Take the lines from the one with "Dorman Radiator Support Baffle Clip" to the end of the listing, both ends included, and quote them exactly, leaving pictures out.

------------------------------

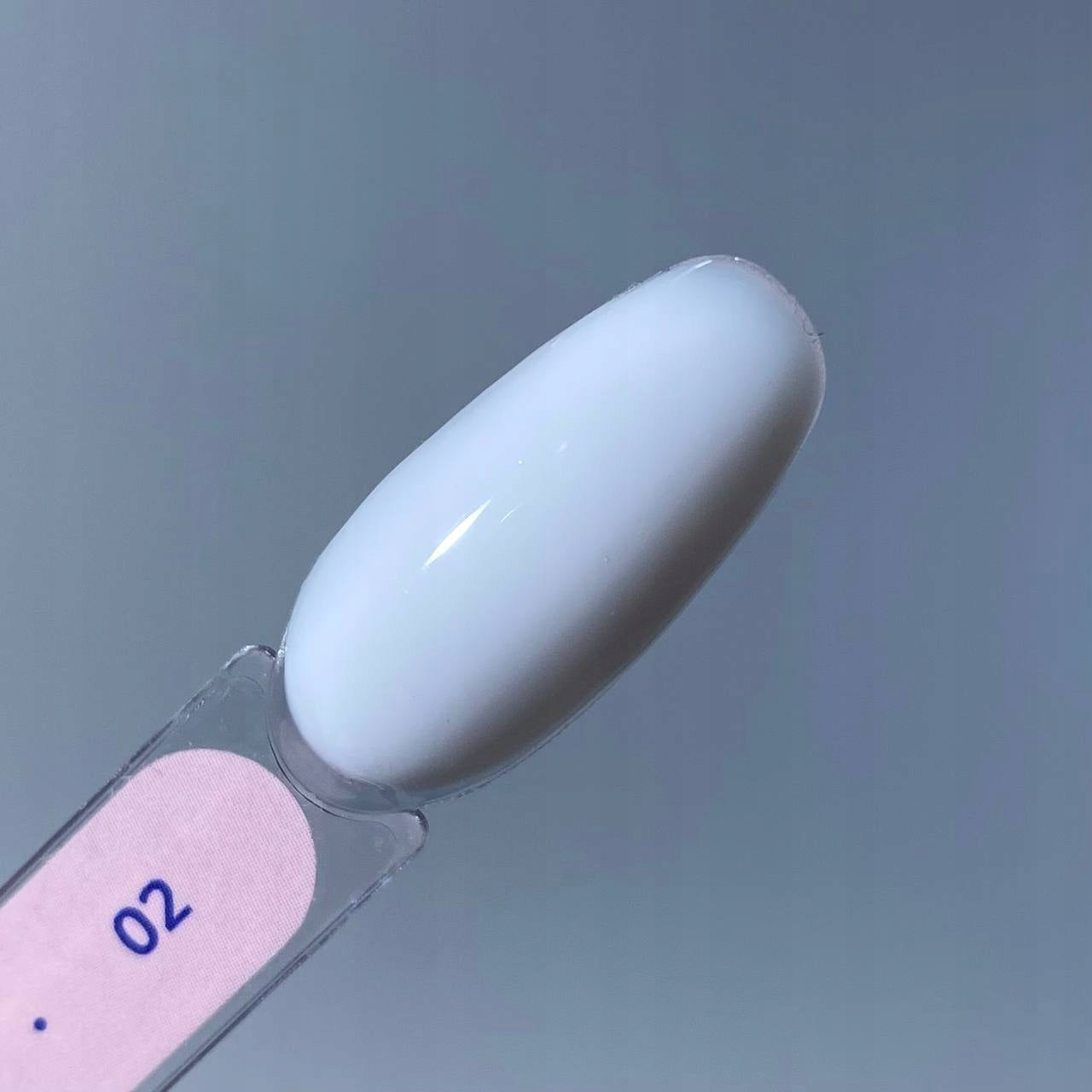 4f4c5cf87a614b4386ba17c642fd75bc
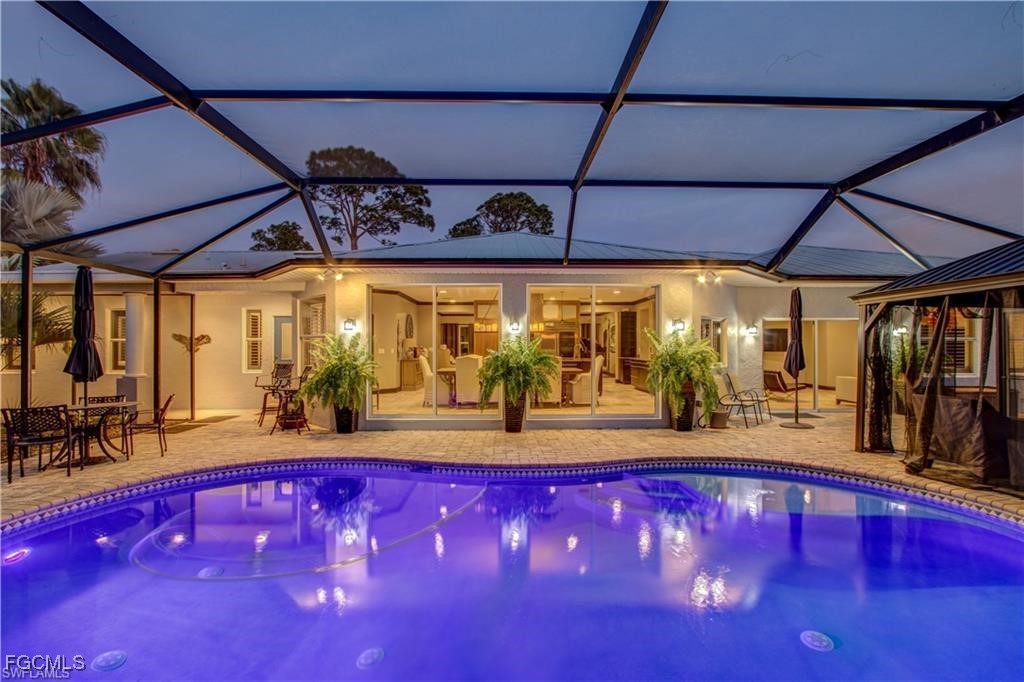 20051/071  Welborn Road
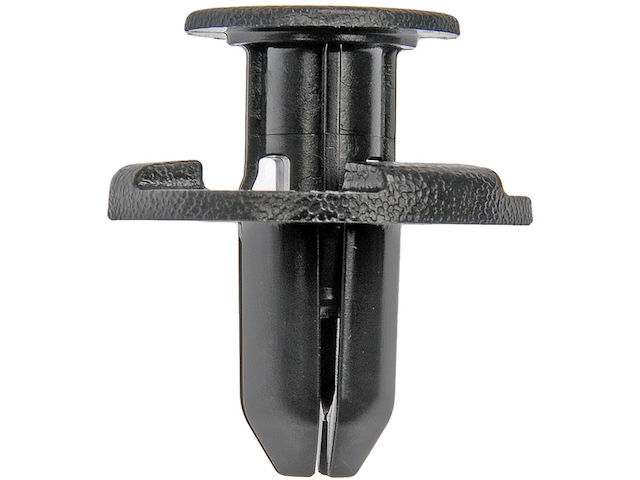 Dorman Radiator Support Baffle Clip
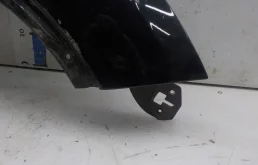 Крылья для Ford Kuga 2009 года на фотографиях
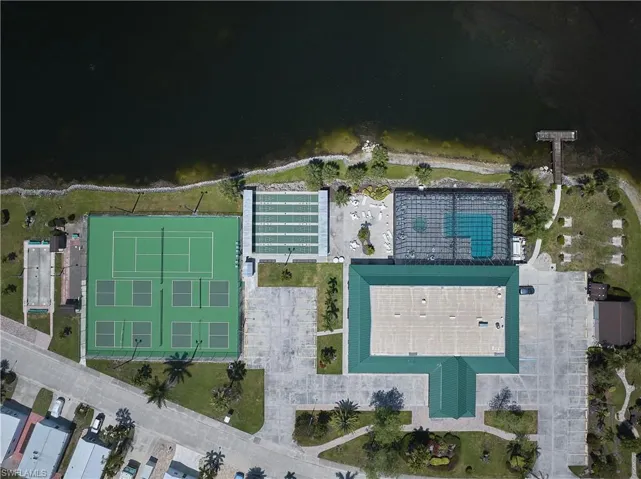 323  Imperial Wilder  BLVD, Naples, FL 34114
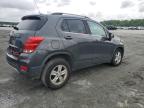 2019 Chevrolet Trax 1Lt for Sale in Spartanburg, SC - Front End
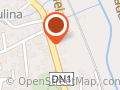 Biserica Sfinţii Împăraţi Constantin şi Elena
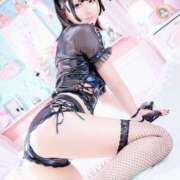 ヒメ日記 2025/06/19 07:46 投稿 りつか マリン宇都宮店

------------------------------

- [Result for this task]
 Dorman Radiator Support Baffle Clip
 Крылья для Ford Kuga 2009 года на фотографиях
 323  Imperial Wilder  BLVD, Naples, FL 34114
 2019 Chevrolet Trax 1Lt for Sale in Spartanburg, SC - Front End
 Biserica Sfinţii Împăraţi Constantin şi Elena
 ヒメ日記 2025/06/19 07:46 投稿 りつか マリン宇都宮店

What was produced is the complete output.